Debugger Launch Process
In the following description, the term "debugger client" refers to the Eclipse client side of the parallel debugger. The term "sdm" or "debugger server" refers to the Scalable Debug Manager (SDM) or server side of the parallel debugger.
When the user hits the debug button, debug launch proceeds as follows:
- The debugger client is initialized
- The job is submitted by calling IResourceManager#submitJob()
- Optionally, debugger launch help actions are performed
- The SDM starts
Debugger initialization is performed on the client side of the debugger. It comprises the following steps:
- The debugger client binds to a random port on the local machine. This port is the debugger session port.
- If port forwarding is enabled on the connection, a port on the target machine will be forwarded to the debugger session port.
- The debugger arguments are computed (including adding the remote port obtained in the previous step) and these are saved to the launch configuration using the DEBUGGER_ARGS launch attribute.

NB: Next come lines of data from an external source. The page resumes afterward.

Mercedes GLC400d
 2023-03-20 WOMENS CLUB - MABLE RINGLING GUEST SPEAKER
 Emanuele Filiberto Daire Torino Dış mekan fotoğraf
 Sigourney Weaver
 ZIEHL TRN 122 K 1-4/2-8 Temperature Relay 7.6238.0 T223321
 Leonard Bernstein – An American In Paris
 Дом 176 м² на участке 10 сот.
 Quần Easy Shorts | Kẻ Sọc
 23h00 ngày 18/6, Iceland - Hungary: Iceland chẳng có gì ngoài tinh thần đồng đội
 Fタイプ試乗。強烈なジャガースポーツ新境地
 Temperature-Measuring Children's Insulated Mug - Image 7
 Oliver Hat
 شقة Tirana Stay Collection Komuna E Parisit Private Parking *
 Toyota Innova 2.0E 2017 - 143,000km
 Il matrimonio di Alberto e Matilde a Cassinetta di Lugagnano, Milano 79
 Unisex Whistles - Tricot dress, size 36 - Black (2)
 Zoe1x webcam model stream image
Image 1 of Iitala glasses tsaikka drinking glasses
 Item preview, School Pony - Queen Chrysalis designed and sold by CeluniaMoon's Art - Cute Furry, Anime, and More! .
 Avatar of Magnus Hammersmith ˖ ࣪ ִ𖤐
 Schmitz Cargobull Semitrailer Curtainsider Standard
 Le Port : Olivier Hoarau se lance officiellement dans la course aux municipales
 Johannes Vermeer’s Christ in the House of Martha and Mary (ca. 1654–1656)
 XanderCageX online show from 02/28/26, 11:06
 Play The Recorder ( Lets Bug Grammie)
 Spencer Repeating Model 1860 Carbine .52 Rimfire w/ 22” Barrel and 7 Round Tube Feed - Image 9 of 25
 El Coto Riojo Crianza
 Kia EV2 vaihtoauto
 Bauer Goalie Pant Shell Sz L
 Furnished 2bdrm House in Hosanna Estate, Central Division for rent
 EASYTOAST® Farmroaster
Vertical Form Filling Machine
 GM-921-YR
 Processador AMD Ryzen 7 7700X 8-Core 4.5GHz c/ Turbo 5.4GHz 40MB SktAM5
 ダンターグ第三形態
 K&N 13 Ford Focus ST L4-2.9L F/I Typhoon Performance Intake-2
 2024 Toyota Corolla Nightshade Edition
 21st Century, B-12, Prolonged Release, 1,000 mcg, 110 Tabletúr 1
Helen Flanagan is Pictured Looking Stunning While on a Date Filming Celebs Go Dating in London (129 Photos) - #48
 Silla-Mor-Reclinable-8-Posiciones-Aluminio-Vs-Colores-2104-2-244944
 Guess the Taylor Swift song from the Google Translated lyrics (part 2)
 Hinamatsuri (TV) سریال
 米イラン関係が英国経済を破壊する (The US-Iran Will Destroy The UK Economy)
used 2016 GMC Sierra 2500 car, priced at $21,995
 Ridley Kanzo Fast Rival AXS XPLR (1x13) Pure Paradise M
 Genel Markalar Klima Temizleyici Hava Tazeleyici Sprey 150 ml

- The debugger executable (as specified in the Debugger tab) is verified on the target machine. If the executable does not exist, an exception is thrown.
Debug Job Submission
The debug job is submitted using IResourceManager#submitJob() with mode set to "debug". It is up to the resource manager to determine what command will be used and what arguments will be passed to it. In the case of the Open MPI/MPICH2 RM's, the command submitted is the "mpirun" command which is passed the debugger executable and supplied with the debugger arguments from the launch configuration.
A thread is also started that monitors the job state.
Debugger Launch Help
Debugger launch help is available if a resource manager needs assistance in order to start the debug session. It is enabled by overriding AbstractResourceManagerConfiguration#needsDebuggerLaunchHelp() and returning true.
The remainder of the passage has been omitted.